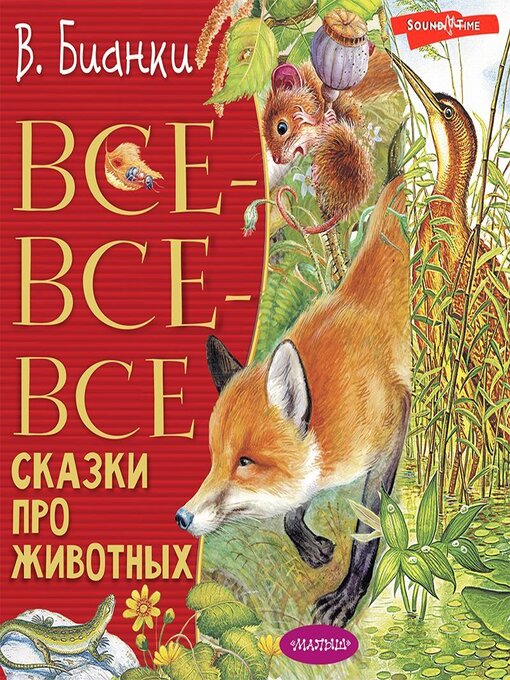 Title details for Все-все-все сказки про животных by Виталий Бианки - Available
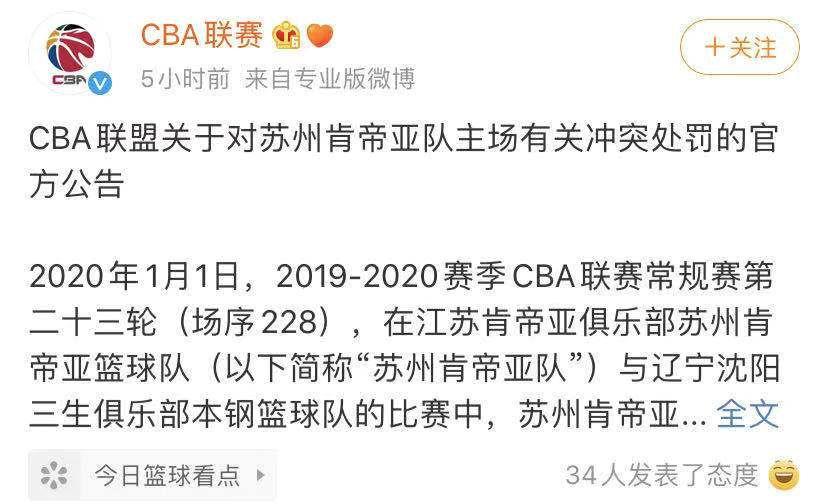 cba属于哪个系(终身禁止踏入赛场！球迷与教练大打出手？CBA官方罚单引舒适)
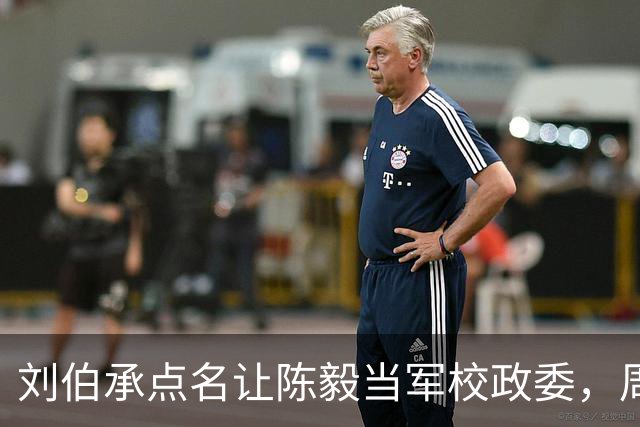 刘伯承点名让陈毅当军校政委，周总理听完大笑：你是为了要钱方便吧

▶ ACTION ITEM:
Could you copy each line above exactly as written, minus any pictures?

▶ RESPONSE BOX:
 Title details for Все-все-все сказки про животных by Виталий Бианки - Available
 cba属于哪个系(终身禁止踏入赛场！球迷与教练大打出手？CBA官方罚单引舒适)
 刘伯承点名让陈毅当军校政委，周总理听完大笑：你是为了要钱方便吧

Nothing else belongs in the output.